Calculating carbon footprints is easy enough when the stakes are low, when accuracy doesn’t matter, or when the resulting number will cease to exist as soon as you close your browser window. Even though the long-term effects of misgauging or disregarding our carbon emissions are obvious and well documented, the immediate consequences of botching a carbon footprint analysis are basically nil.
That said, being able to ascertain the carbon footprint of a person, product or thing is a desirable goal, if for purposes of awareness and accurate offsetting. But researchers at Carnegie Mellon contend that in at least one category–electronics–figuring out this footprint is incredibly difficult.
In a paper titled ‘Uncertainty and Variability in Carbon Footprinting for Electronics: Case Study of an IBM Rack-mount Server’, Christopher Weber describes the process of calculating the carbon footprint of–you guessed it!–an IBM rack-mount server. Here’s how it went:
Uncertainty ranges from around +15% for the production and delivery phase to around +35% for cradle to grave carbon footprint, including the product’s use phase and logistics associated with delivery of products. However, given limitations in available data to access uncertainty associated with temporal variability and technological specificity, it is likely that true uncertainty is much larger.
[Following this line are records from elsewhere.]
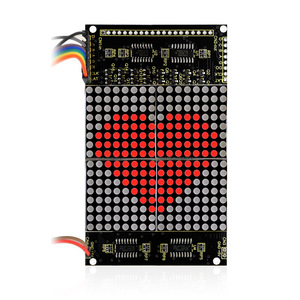 Keyes tudio Mini Vier 8 X8 LED-Punktmatrix-Anzeige modul 1616 Infinite 74 Hc138 74 Hc595 Kaskaden-LED-Modul für Arduino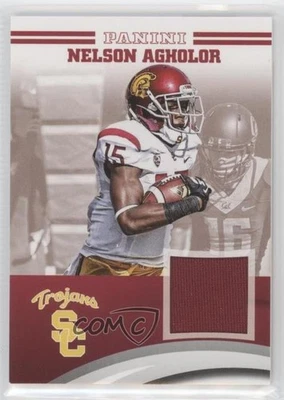 2015 Panini USC Trojans Memorabilia Nelson Agholor #NA-USC Rookie RC - Image 1 of 2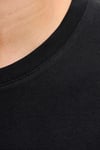 Essentials Logolu Pamuklu Regular Fit Bisiklet Yaka Erkek T Shirt 12288536 SİYAH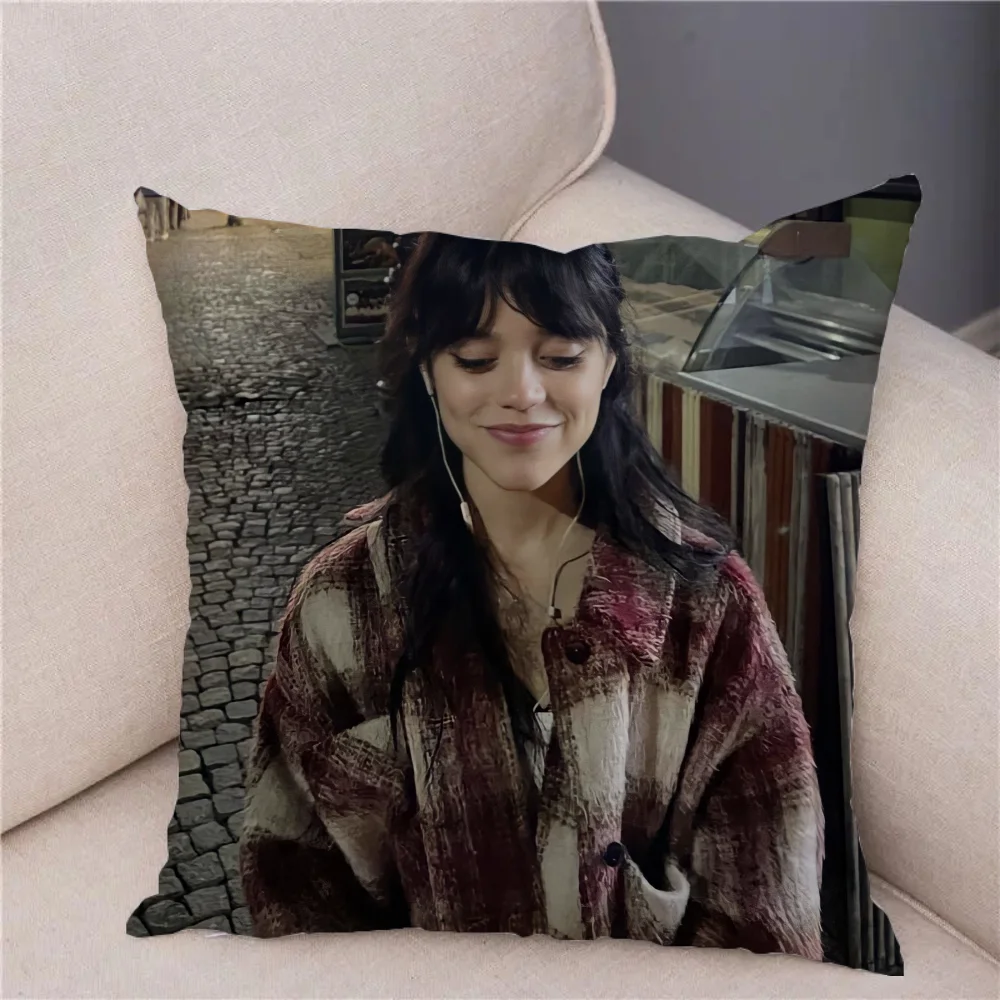 Jenna Ortega Decorative Pillowcases 50x50 Home Decoration Accessories Pillowcase 45x45 Pillow Cases Cushion Covers Sofa Cover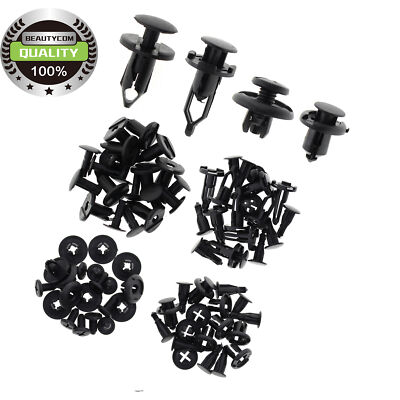 40PCS Car Body Plastic Push Pin Rivet Bumper Fender Fasteners Trim Moulding Clip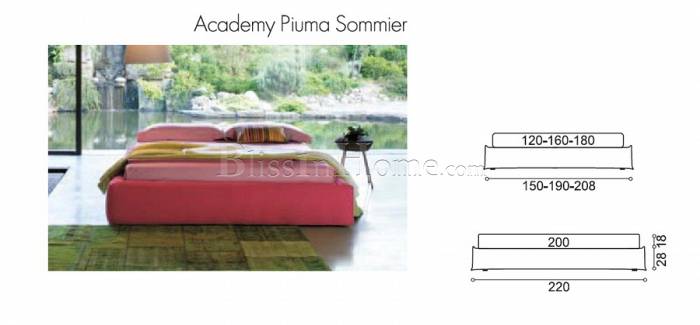 Esprit Libre postelja Academy Piuma Sommier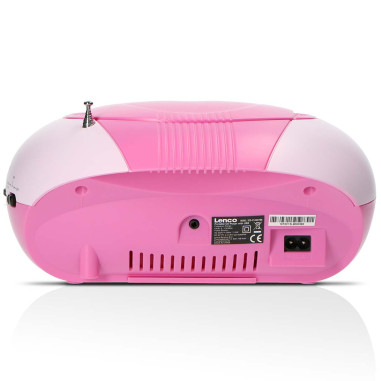 Lenco SCD-37 USBPINK SCD-37 USB Pink Portable FM Radio CD and USB player Pink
Major sources of uncertainty in the production phase are limited, but important: Integrated circuits are hard to focus in on, and product delivery via air transport varies wildly from customer to customer. But the vast majority–up to 94%–of a product’s carbon footprint is laid during its usage phase. This hugely dominant section of the carbon footprint analysis, Weber says, is also by far the most difficult to estimate:
Uncertainty in the production phase was considerably smaller than the deep uncertainties in predicting the use phase. Unlike the production phase, where supply chains can be analyzed, the use phase is inherently predictive. It is thus impossible to know with certainty how and for how long a product will be used. On top of this, variability in the electricity mixes of different markets lead to vastly different impacts of using the product similarly in different places.
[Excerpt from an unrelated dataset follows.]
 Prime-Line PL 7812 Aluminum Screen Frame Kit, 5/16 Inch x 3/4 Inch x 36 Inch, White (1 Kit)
Whether the market in which a product is used generates electricity with coal, nuclear or hydroelectric power plants could conceivably throw off a use-focused footprint calculation, and that’s not even taking into account varying lifespans and usage habits between different deployments.
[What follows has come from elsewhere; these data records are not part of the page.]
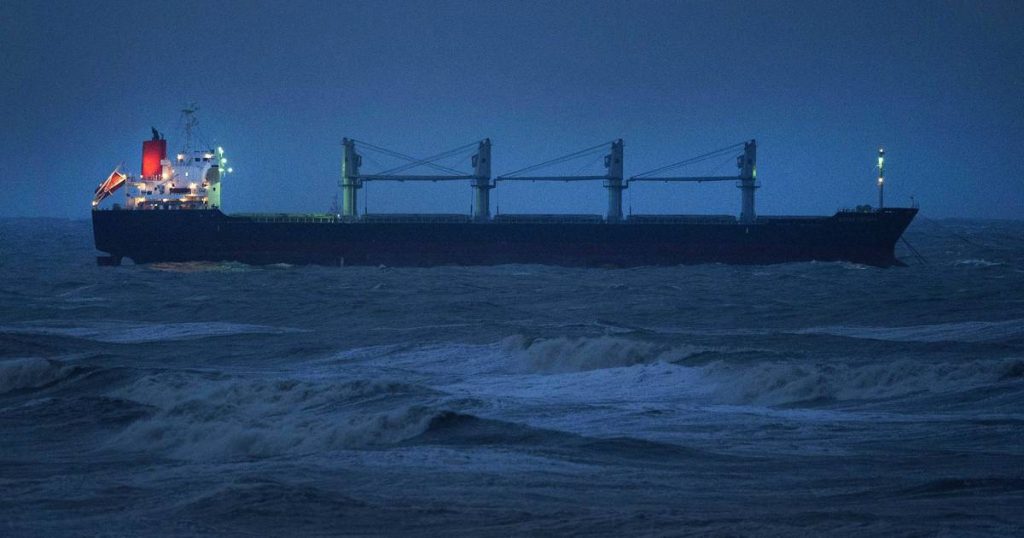 A cargo ship faces trouble off the coast of Brittany after a fire broke out on board and its crew was evacuated |  outside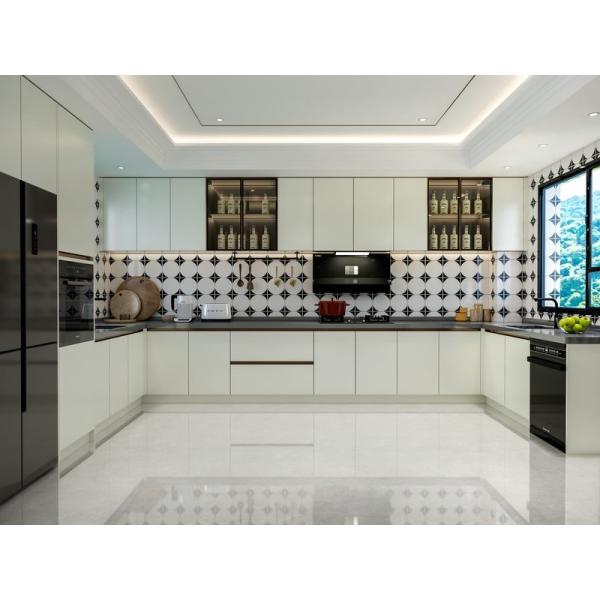 Fadior Cream White Kitchen Stainless Steel Cabinet Elegant And Functional Design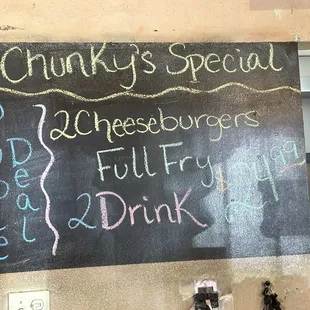 Double deal was fulllll filling!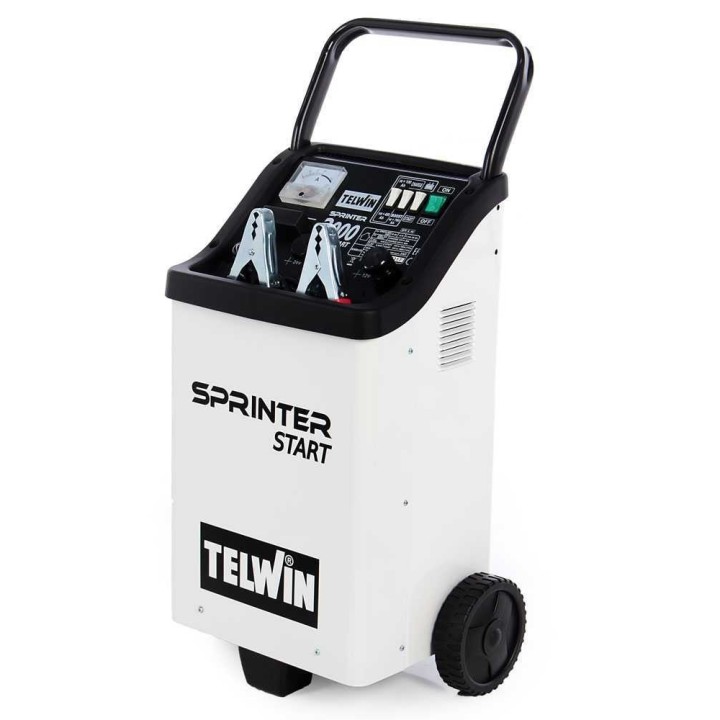 Telwin Sprinter 3000 Start akkulaturi ja käynnistyslaite, 12–24 V, 300 A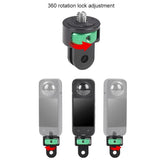 Universal 1 / 4 Inch Screw Action Camera Adapter - Adjustable - Black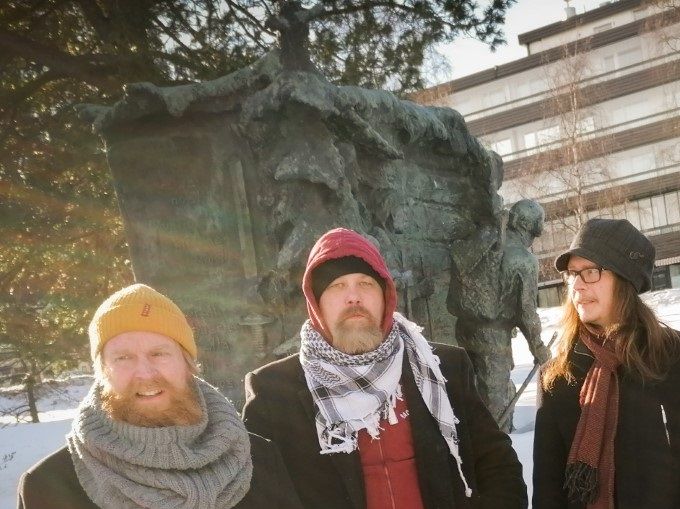 The Meänland kulttuurikierroksellaan. Kuva: Antti Mäki.
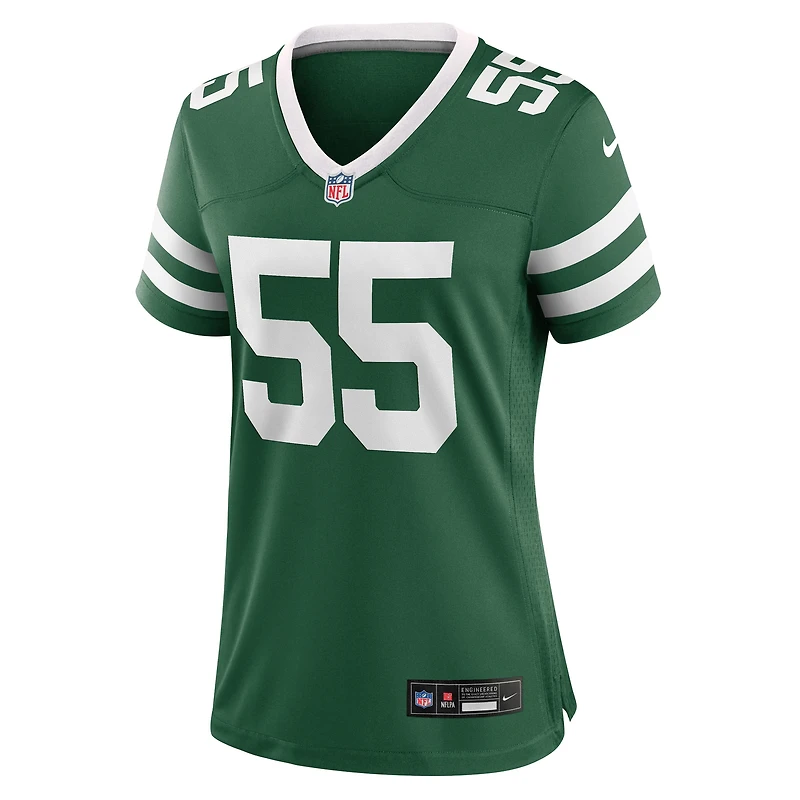 Maillot Nike Braiden McGregor Legacy Green pour femme des New York Jets
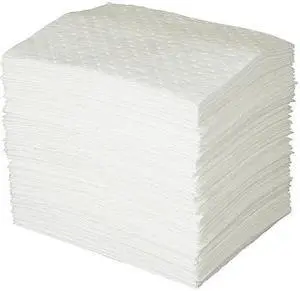 CONDOR 436M85 Sorbent Pad, 26 gal, 15 in x 19 in, Universal, White, 100 PK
The lesson, though, isn’t necessarily that carbon footprinting is useless, or that being mindful of carbon emissions is somehow misguided. It’s a reminder that footprinting is difficult, and that specific calculations–at least for now–should be taken with a grain of salt.
As for an overarching message, the author is fairly blunt: “[E]nergy efficiency in the use phase is the product attribute most likely to lower the product’s carbon footprint.” Time and money is better spent lowering the product’s energy usage and educating its users, he says, than attempting to work out exactly how broad its carbon footprint is.